Tüm kamu emekçilerini doğrudan, ülkedeki diğer çalışanları ve emeklileri
ise dolaylı olarak ilgilendiren 2022-2023 yıllarına ilişkin toplu sözleşme
görüşmelerine ilişkin Eğitim-İş Sendikası Denizli Şube Başkanı Namık Kemal
Aydoğan’ın yaptığı açıklama aynen şu şekilde;
Açlık ve yoksulluk altında ezilen 3 milyon kamu emekçisi ve 2 milyon kamu
emeklisi “Sözde Toplu Sözleşme” görüşmelerini artan sorunlarla karşılamaktadır.

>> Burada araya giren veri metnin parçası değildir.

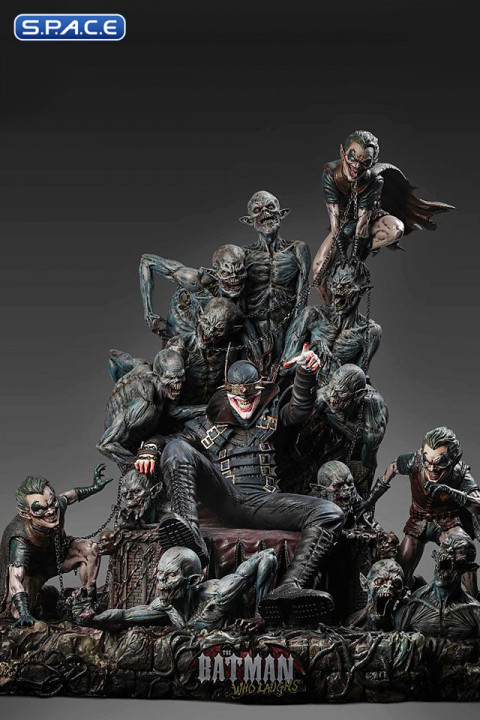 1/4 Scale The Batman Who Laughs Statue (DC Comics)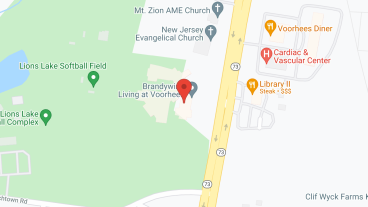 Brandywine Voorhees by Monarch in google map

Türkiye’de son 19 yıla damgasını vuran ekonomik politikalar başta kamu
emekçileri olmak üzere emekçilerin aleyhine olmuştur. AKP iktidarı döneminde,
kamu çalışanları ve emekliler, enflasyon artışının da altında zamlara mahkum
edilmekte, verimlilik ve milli gelir artışından pay alamamaktadır. Bu durum,
ülkemizdeki gelir dağılımının daha da adaletsizleşmesine yol açmaktadır.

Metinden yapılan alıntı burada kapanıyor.